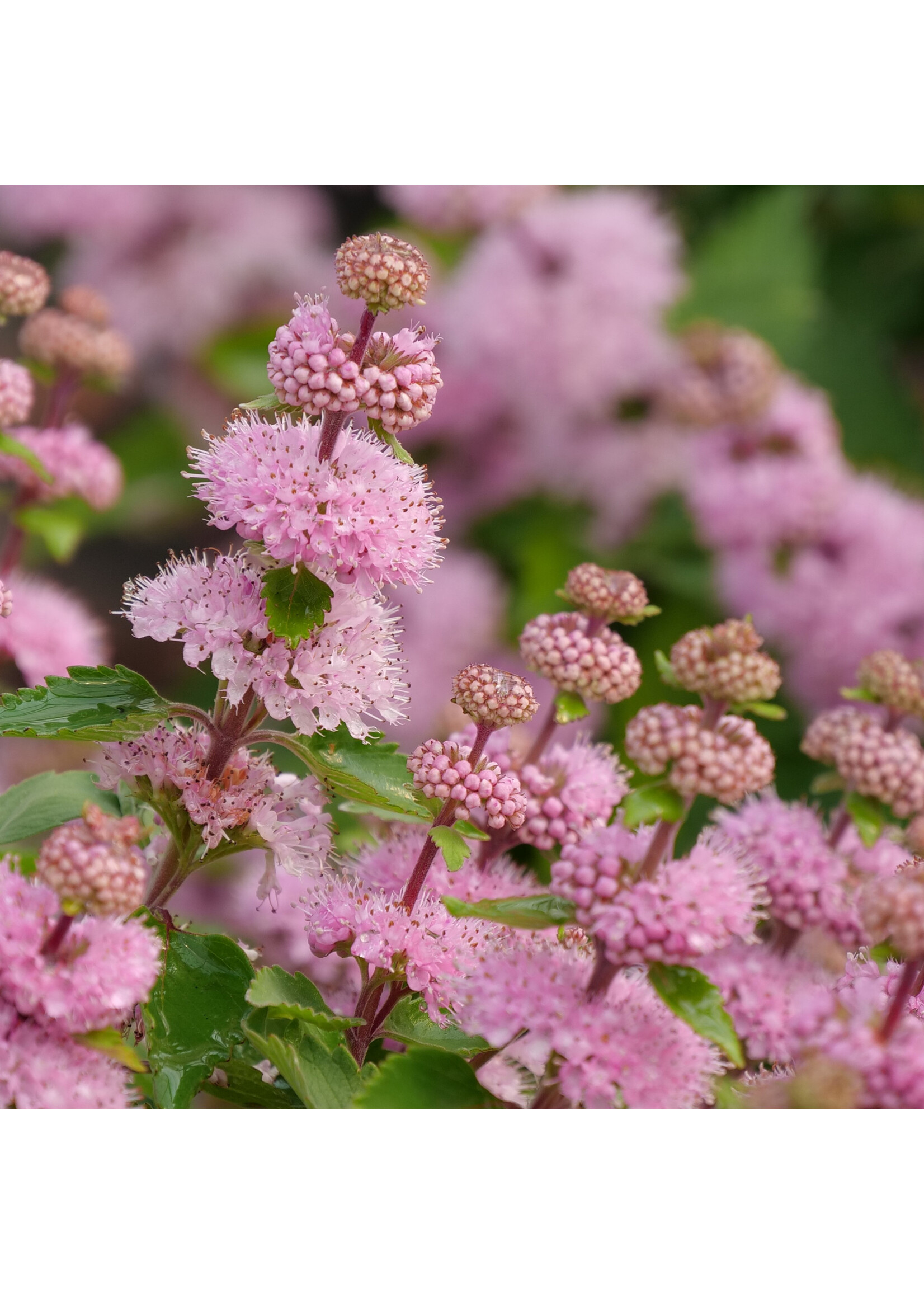 Caryopteris Beyond Pink'd, Bluebeard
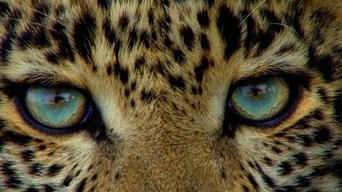 Big Cat Diary - S4E01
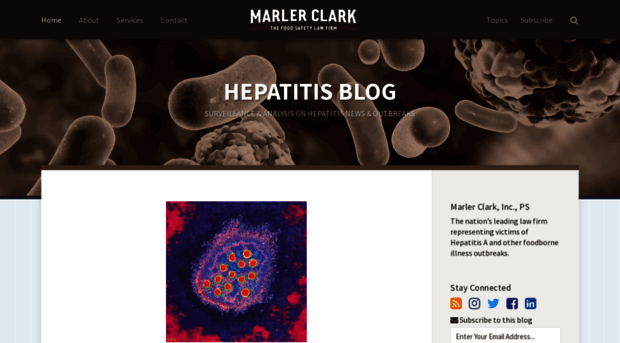 hepatitisblog.com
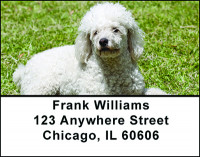 White Poodle Address Labels | LBBAC-61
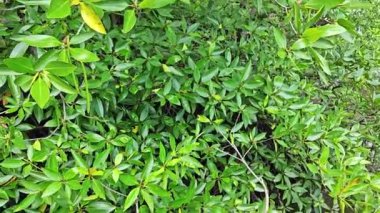 Mangrove ormanının kıyı manzarası. 
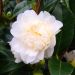 Camelia Nobilissima bianca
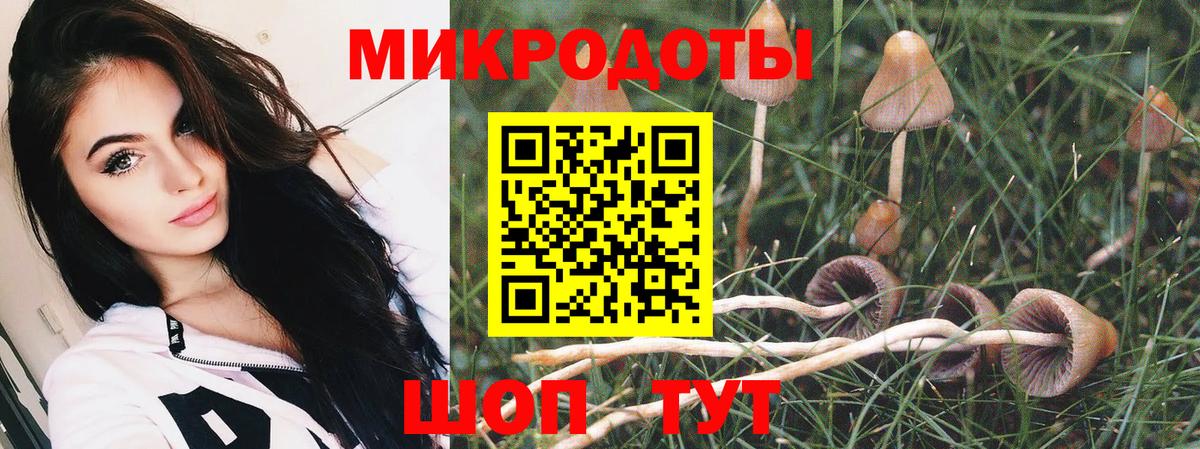 Псилоцибиновые грибы Cubensis  Вход с VPN  Каспийск  Галлюциногенные грибы мухоморы 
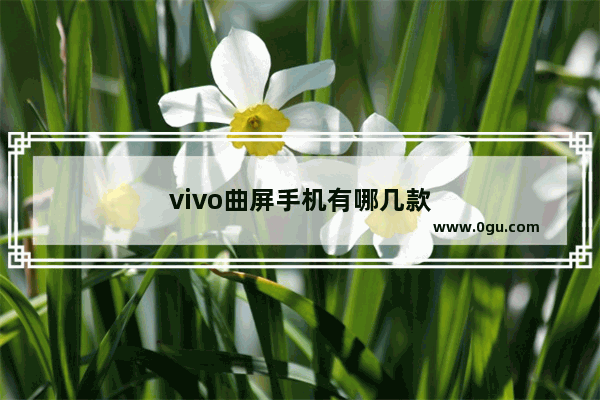 vivo曲屏手机有哪几款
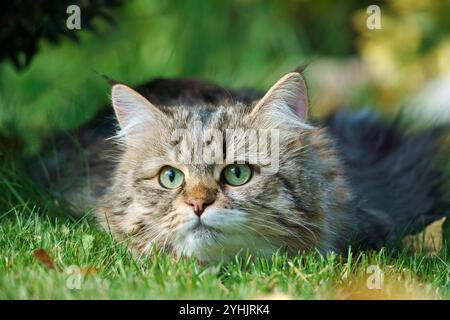 Sibirische Katze mit dickem Fell und grünen Augen liegt in einer natürlichen Umgebung auf dem Gras. Stockfoto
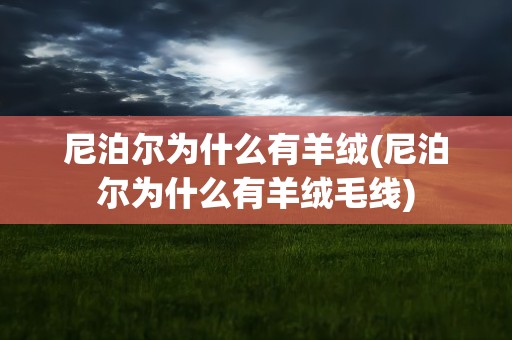 尼泊尔为什么有羊绒(尼泊尔为什么有羊绒毛线)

▬▬▬▬▬▬▬▬▬▬

> [What to do]: Please write out, word for word, each line from the one with "Sibirische Katze mit" to the last line of the data, keeping both ends and omitting pictures.

> [Answer to this exercise]:
 Sibirische Katze mit dickem Fell und grünen Augen liegt in einer natürlichen Umgebung auf dem Gras. Stockfoto
 尼泊尔为什么有羊绒(尼泊尔为什么有羊绒毛线)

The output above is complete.